Ilya Gurevich, 17, who emigrated to the US with his family from Kiev when he was 8, has dominated his age group since 1983 and has been a force in adult chess as well for several years now. Alex Sidelnikov, a more recent emigr'e from the USSR, is the top-rated 13-year-old. Morgan Pehme, 10, who burst upon the scene as a kindergartner five years ago, is a native New Yorker with family roots in Estonia. And Susan Urminska of Hawaii, the top-rated girl under 12, is of Czech descent.
Children of Asian extraction are also prominent, including John Viloria, 10, of Yonkers, NY, whose parents emigrated from the Philippines in the '70s; ex-national primary and elementary champion Alex Chang, whose family is from Taiwan; and former national primary winner Oliver Tai, whose parents are from Hong Kong.

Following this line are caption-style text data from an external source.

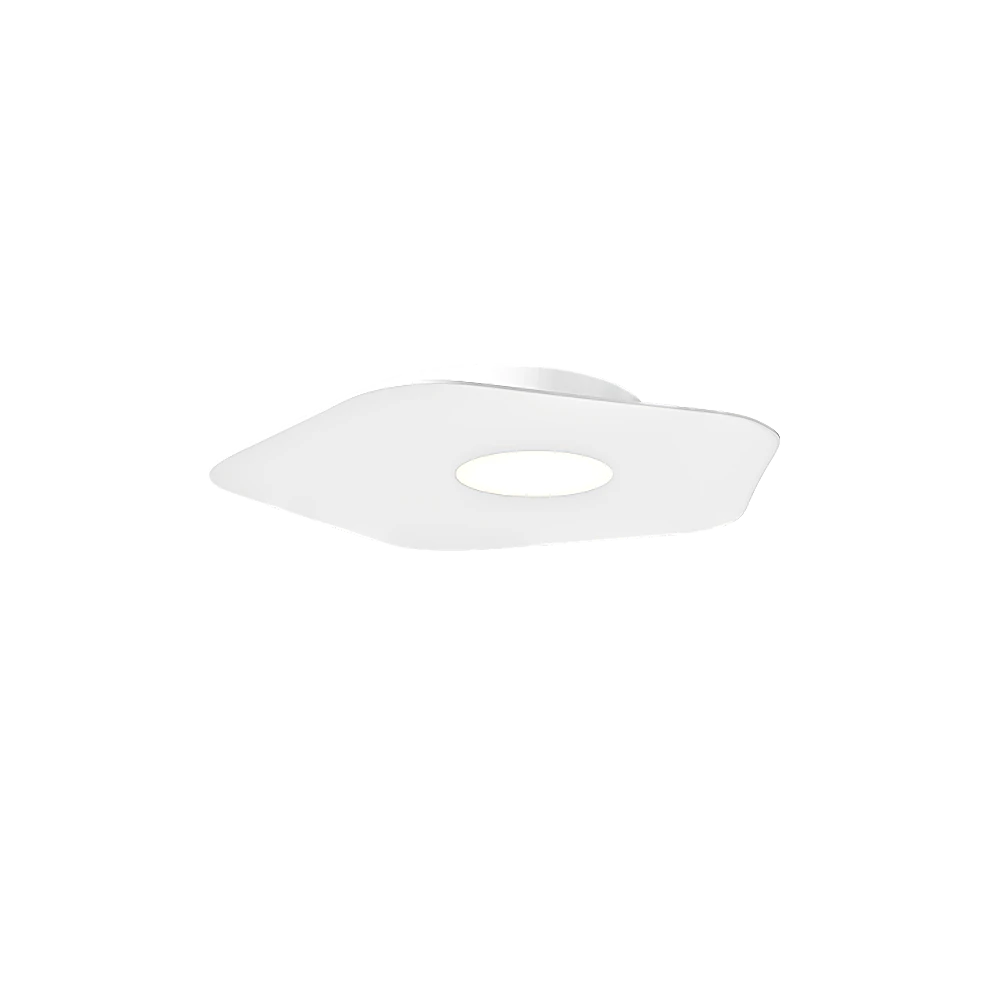 Ceiling lamp 1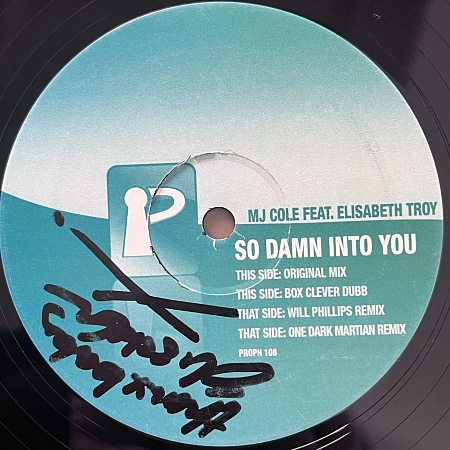 So Damn Into You
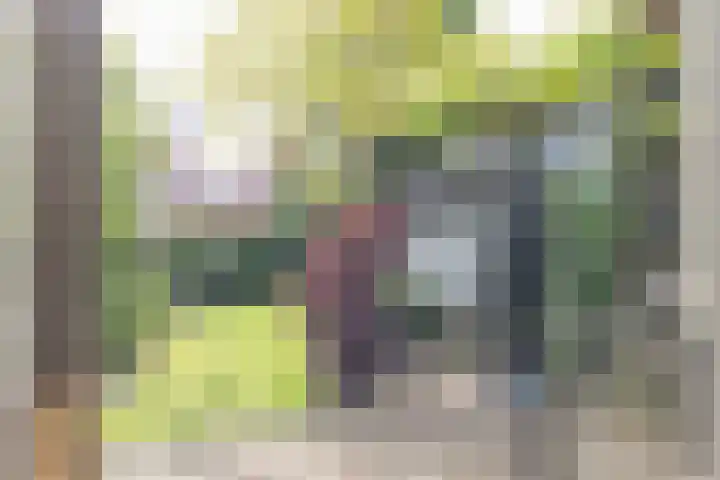 Vogelenzangseweg 171 Vogelenzang thumbnail 20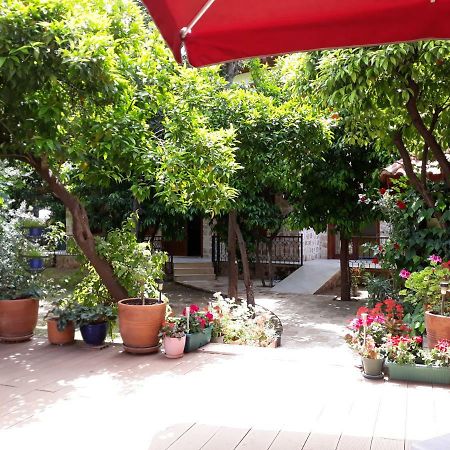 Citrus Garden Hotel อันตัลยา ภายนอก รูปภาพ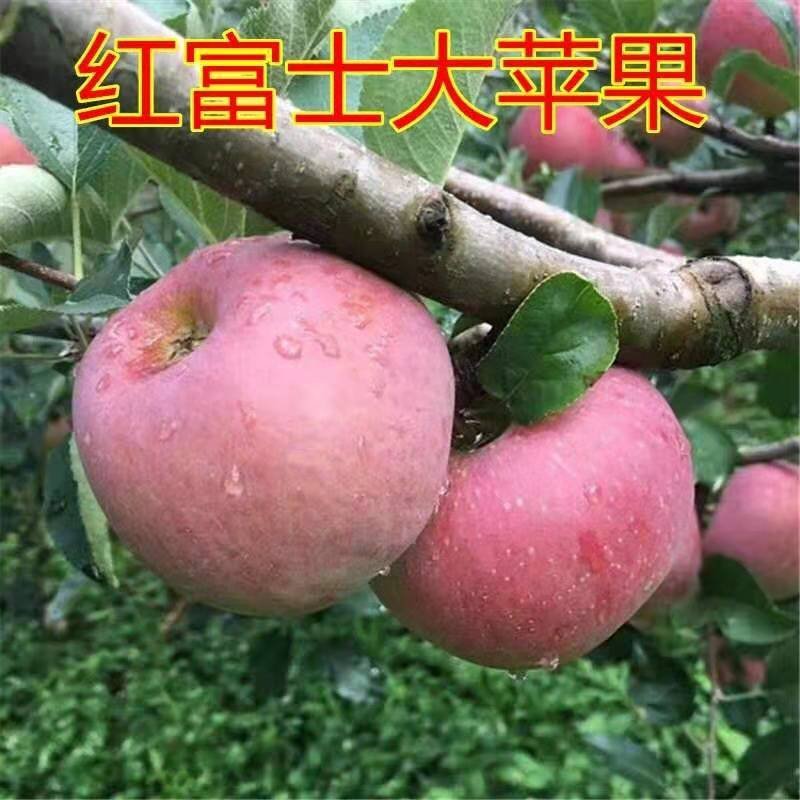 【畅销苹果苗】红富士苹果苗当年结果苗南北方种植根系发达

K.K. Karanja, another double national winner as a youngster and now the top-rated 15-year-old, has family roots in Kenya. And there are many other outstanding youngsters whose families have lived in the US for longer periods. There's 1986 national primary champion Joshua Waitzkin of New York, subject of a fascinating recent book, ``Searching for Bobby Fischer,'' in which his father, Fred, looks at the life of a prodigy and his family. There's Dean Ippolito, of Richfield Park, N.J., who ranks second only to Viloria among 10-year-olds, and who defeated older players to win the under-13 US Junior Open title last summer. Also ex-national elementary champion Bobby Seltzer of West Roxbury, Mass., and Erez Klein of New York, two of the top-rated 13-year-olds; David Peterson of Texas, the highest rated 8-year-old; Jessica Ambats, 15, of New York and Yvonne Krawiec, 13, of California, the best girls in their age categories. The list goes on and on.